PROBLEM DESCRIPTION
Starting with the line that holds "Jersey sahilinin güzel", repeat each line through the last one below, exactly. Pictures stay out.

INFORMATION SUPPLIED
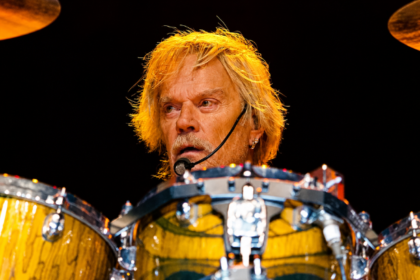 Frank Beard playing drums with ZZ Top during a live performance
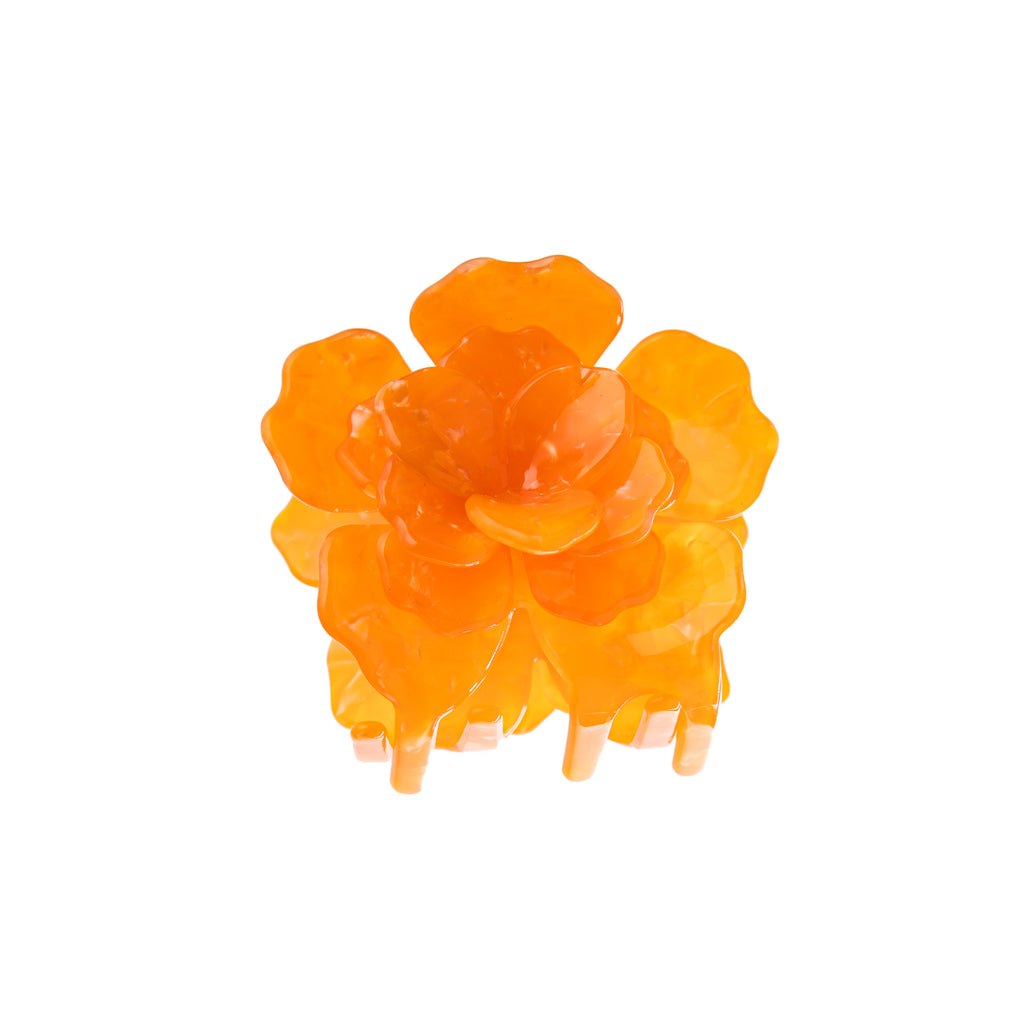 This origami marigold hair clip has 3D construction, truly capturing the essence of a marigold in bloom. These hair clips are crafted from cellulose acetate, an eco-friendly, biodegradable material made from recycled wood pulp. The clip is double sided for a perfect look from every angle! Dimensions: 2.5" x 2" 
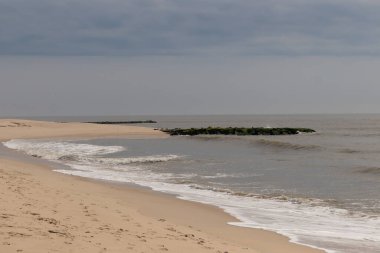 Jersey sahilinin güzel bir görüntüsü. Dalgaların beyaz köpüğü kumsalın güzel kumlarına çarpıyor. Siyah taşlı küçük bir iskele görülebilir. Mavi gökyüzünde beyaz bulutlar var..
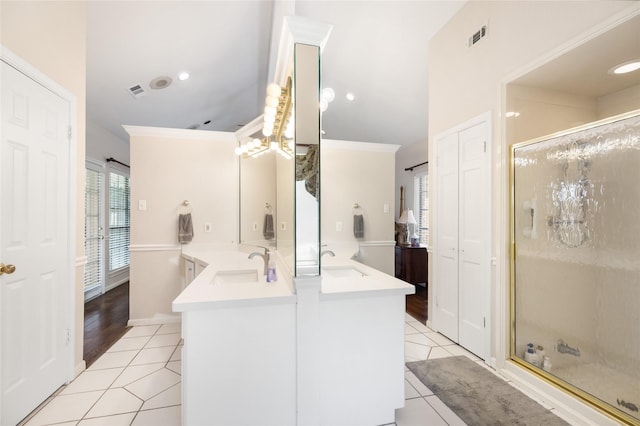 12915 Lake Mist Dr, Cypress, TX 77429 - bathroom with tile patterned floors, a stall shower, double vanity, crown molding, and recessed lighting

ANSWER FOR THIS EXERCISE
 Jersey sahilinin güzel bir görüntüsü. Dalgaların beyaz köpüğü kumsalın güzel kumlarına çarpıyor. Siyah taşlı küçük bir iskele görülebilir. Mavi gökyüzünde beyaz bulutlar var..
 12915 Lake Mist Dr, Cypress, TX 77429 - bathroom with tile patterned floors, a stall shower, double vanity, crown molding, and recessed lighting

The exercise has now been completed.